Coming, as they did, after Wordsworth and Shelley and Keats, it cannot perhaps be claimed for the Victorian poets that they added notably to the spiritual revelation of nature, but it can be said in their praise that they were nearly all of them endowed with a very graphic gift of exact observation of the natural world. Victorian poetry is alight with phrases in which a natural mood or object is set down with the most tender and vivid precision. Tennyson’s planet of Love,
Beginning to faint in the light that she loves
On a bed of daffodil sky....
Mrs. Browning’s delicate landscape where
sheep are cropping
The slant grass and daisies pale,
And five apple trees stand dropping
Separate shadows toward the vale....
FitzGerald’s
strip of herbage strown
That just outside divides the desert from the sown....
Christina Rossetti’s image, as telling as one of Marvell’s, of the
Green nest full of pleasant shade,
Wherein three speckled eggs were laid....

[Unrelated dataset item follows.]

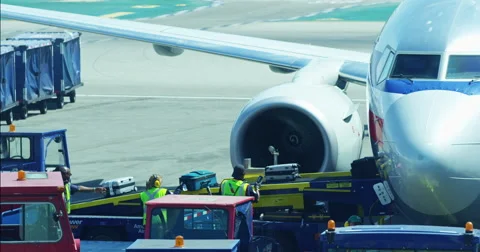 LOS ANGELES, CALIFORNIA - CIRCA 2016: A planes moves across the runway at LA Stock Footage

Browning’s “pear hung basking over a wall,” Arnold’s
Have I not pass’d thee on the wooden bridge
Wrapt in thy cloak and battling with the snow,
Thy face towards Hinksey and its wintry ridge....
Patmore’s
The buried bulb does know
The signals of the year,
And hails far summer with his lifted spear....
Morris’s
I know a little garden close
Set thick with lily and red rose....
and Rossetti’s “ground-whirl of the perished leaves of hope,” such things can be matched on almost any page of any considerable poet of the time. The age may have been not very much concerned with the interpretation of nature in Wordsworth’s prophetic sense, but the easy mastery over such images as those just given gave to the poetry of the time a common background of rich and varied natural beauty, very bright in line and colour.
Chapter VI
Conclusion
Nothing is vainer than for criticism of poetry to suppose that it can give anything of the pleasure to be found in poetry itself. In making these notes about Victorian poetry, and in reading over again the work of the masters who wrote it, I am acutely aware how dismally inadequate any commentary upon such work must be. I am aware, also, that one could confront every generalisation that one makes with some modifying example; I have, for instance, since saying what I did about the love poetry of by-gone ages, been haunted by Bishop King’s exquisitely personal and touching Exequy on his “dead saint.” But these exercises have their times, and they are at least an occasion for refreshing memories that are apt to become a little dulled even for the most loyal and industrious of us. Further, abstract theorising about art at least does the art no harm and may sometimes serve it. No one is likely to read the Morte d’Arthur or the Garden of Proserpine or the Scholar Gipsy or Pippa Passes with any more poetic delight for anything that he may find in this essay, but here and there a friendly mind may get a little pleasure of a real though less essential kind in considering for a moment, apart from the fundamental things of poetry that persist from one generation to another, what were the characteristics that distinguished an age, of which these are representative creations, from the other ages with which it has now taken an equal and immortal place.